Perşembe Mart 28, 2024

Soslandırılmış başkanlığa da geleceksizleştirme saldırılarına da H-A-Y-I-R

“Referandum sürecinde en çok durmam gereken şey 18 yaş meselesidir. Seçme hakkı olan yaş grubuna seçilme hakkını da vermek en büyük reformdur. Bu bizim gençlerimize ufuk getirecek!”

Bu sözler Pakistan dönüşünde uçakta gazetecilere açıklamada bulunan R. T. Erdoğan’a ait. 16 Nisan referandumunda oylanacak olan ve var olan faşist sistemi daha da boyutlandıracak anayasa değişikliğinin gençlere getireceği “en büyük reform” buymuş. Artık 18 yaşında meclise seçilebilecekmişiz!
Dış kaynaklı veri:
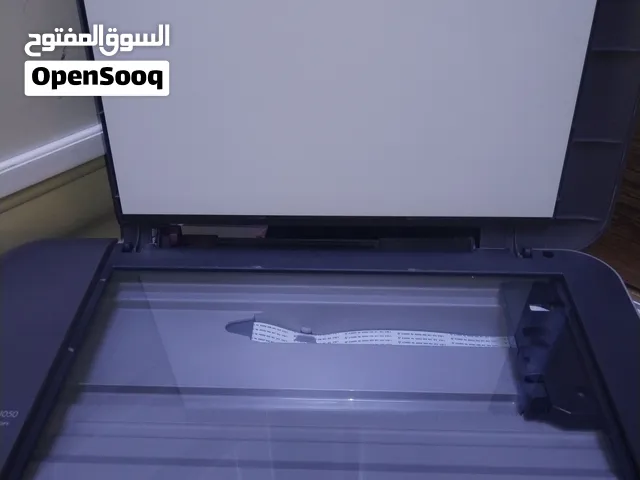 طابعة HP Deskjet 1050 (طباعة وتصوير وسكانر) بحالة ممتازة للبيع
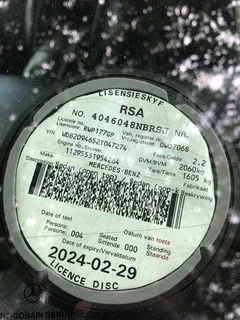 2006 Mercedes-Benz CLK320 Non-runner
15 yıllık hükümeti boyunca gençliğin esas sorunlarının hiçbirini çözmeyen (zaten çözemez!) Erdoğan–AKP’nin, gençliği referandumda arkasında yedekleyebilmek için “büyük umut” diye sunduğu düzenleme; seçilme yaşını 26’dan 18’e indirmek! Erdoğan’ın ve şefi olduğu AKP’nin referandum çalışmalarında anayasa değişikliğine ekledikleri bu maddeyi ballandıra ballandıra anlattıklarına sıkça şahit oluyoruz. “İstikrar”, “milli güvenlik”, “koalisyonlar dönemi kapanacak” vb. şeklindeki klasik söylemlerine ek olarak anayasa değişikliğine kitleleri ikna edebilmek için kullanabildikleri nadir söylemden biri de bu. Erdoğan ve Binali Yıldırım neredeyse günde 2-3 kereyi bulan konuşmalarının önemli bir bölümünü düzenlenmenin bu maddesine ayırıyorlar.
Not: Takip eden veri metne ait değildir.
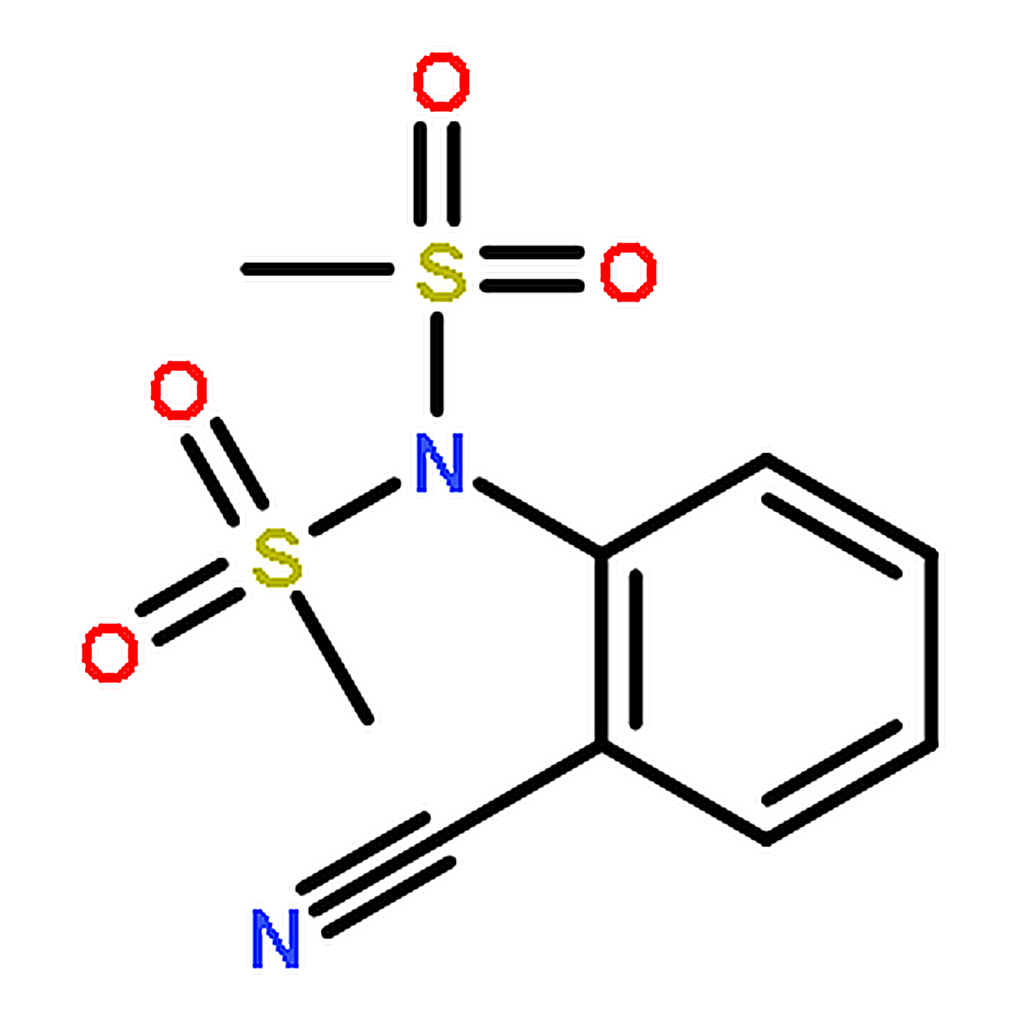 RHAWN 2-[Bis(methylsulfonyl)amino]benzonitrile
Erdoğan ve AKP’nin referandumda sonucu lehlerine çevirebilmek için    gençliğe ayrı bir önem verdikleri aşikar. Nitekim yaptıkları çalışmalarda kullandıkları söylemler de bunu gösteriyor. Zira gençliğin gerek oy potansiyeli gerekse de enerjisi ile sahadaki çalışmaları ivmelendirme potansiyeli herkesin malumu. Bu anayasa düzenlemesine “seçilme yaşının 18’e düşürülmesi”nin eklenmesinin nedeni de bu potansiyelden faydalanmaktır. Bu maddenin değişikliğe eklenmesinin diğer bir nedeni de “Evet”çi cephenin elinde neredeyse başka hiçbir argüman bulunmamasıdır. Faşist sistemi daha da tahakküm edecek bu değişikliğin nedenlerini kitlelere anlatamıyorlar. Sözkonusu madde ile de değişikliği soslayıp, hem ellerinde kullanabilecekleri bir argüman yaratmak hem de tartışmalarda, meselenin özünü kitlelerden saklamayı, dikkatleri özden kaçırmayı amaçlıyorlar.
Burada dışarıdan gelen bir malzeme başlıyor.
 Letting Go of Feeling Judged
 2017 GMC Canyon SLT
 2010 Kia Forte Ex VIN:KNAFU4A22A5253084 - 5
Bu değişiklik maddesine çeşitli çevrelerden tepkiler yükseldiğine şahit olduk/oluyoruz. Daha çok sistemin kurucu partisi CHP ve diğer bazı sistem içi “hayır”cılardan yükseliyor bu itirazlar. Bu itirazların minvali daha çok “bu yaşta daha işi–gücü yokken gelip nasıl vekillik yapacak?” ya da “askerlik işi ne olacak?” vb. şeklinde. Ancak işin özünün bu olmadığı açık. Zaten sistem partilerinin itirazı da ancak bu kadar olur!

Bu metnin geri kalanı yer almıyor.